But one weekend of tragedies doesn't tell us much about the summer ahead.
Police block the intersection at Wycliffe and Apple Tree as they respond to a shooting where authorities say a gunman and at least one other person are dead, Sunday, May 29, 2016, in Houston. (Gary Fountain/Houston Chronicle via AP

Over the past seven days, America witnessed nine mass shootings that left one dead and 43 wounded. These attacks bring the US mass shooting body count so far in 2016 to 112 dead and 443 injured. Meanwhile, Europe suffered zero mass shootings last week, holding the continent's body count in such attacks this year steady at 20 dead and 66 injured.
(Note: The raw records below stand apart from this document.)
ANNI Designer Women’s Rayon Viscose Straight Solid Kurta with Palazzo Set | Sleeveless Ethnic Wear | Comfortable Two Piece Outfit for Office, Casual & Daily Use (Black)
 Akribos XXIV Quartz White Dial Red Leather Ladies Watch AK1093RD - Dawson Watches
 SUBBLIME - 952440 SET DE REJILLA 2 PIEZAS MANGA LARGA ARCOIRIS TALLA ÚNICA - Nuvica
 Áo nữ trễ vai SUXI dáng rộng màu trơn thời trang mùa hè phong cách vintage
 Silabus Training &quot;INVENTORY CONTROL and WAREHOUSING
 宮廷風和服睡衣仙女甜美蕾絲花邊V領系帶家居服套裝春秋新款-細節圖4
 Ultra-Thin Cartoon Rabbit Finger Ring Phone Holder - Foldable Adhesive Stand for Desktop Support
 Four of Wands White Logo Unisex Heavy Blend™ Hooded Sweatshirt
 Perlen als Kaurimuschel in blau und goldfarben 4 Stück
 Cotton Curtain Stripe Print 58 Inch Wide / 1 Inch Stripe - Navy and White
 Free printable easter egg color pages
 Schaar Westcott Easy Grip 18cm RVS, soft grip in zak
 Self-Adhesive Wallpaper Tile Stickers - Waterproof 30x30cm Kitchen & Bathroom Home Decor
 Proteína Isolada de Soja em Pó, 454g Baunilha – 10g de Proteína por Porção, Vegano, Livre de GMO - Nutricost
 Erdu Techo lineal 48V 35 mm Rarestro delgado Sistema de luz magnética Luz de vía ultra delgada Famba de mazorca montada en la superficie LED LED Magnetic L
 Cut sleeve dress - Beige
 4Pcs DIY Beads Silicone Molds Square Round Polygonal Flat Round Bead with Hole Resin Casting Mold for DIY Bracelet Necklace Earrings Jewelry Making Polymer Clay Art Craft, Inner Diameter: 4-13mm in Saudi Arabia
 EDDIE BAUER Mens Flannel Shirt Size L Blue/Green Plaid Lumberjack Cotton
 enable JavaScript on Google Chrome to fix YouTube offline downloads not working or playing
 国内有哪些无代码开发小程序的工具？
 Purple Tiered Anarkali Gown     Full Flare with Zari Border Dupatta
All of the recent mass shootings in the United States came over the long Memorial Day weekend, with three of them directly linked to holiday cookouts. Only one of these attacks received significant attention: military veteran Dionisio Garza III's random rampage on Sunday in Houston, Texas, during which he allegedly fired off more 200 rounds starting at 10:15 AM, killing a 56-year-old man and wounding a Good Samaritan who tried to intervene, along with two responding deputies, and three bystanders before being gunned down by a SWAT shooter. However, the weekend's bloodshed started hours earlier, at 12:30 AM in Trenton, New Jersey, when at least one shooter injured six people en route to a cookout. Two-and-a-half hours later, a shooting in an Indianapolis parking garage injured four more. Then, at about 6 AM, a street altercation in Las Vegas led to a shootout that injured yet another four individuals. Finally, at about 12:25 PM in Zillah, Washington, people believed to have bene hunting birds accidentally wounded five orchard workers when firing through a grove of trees.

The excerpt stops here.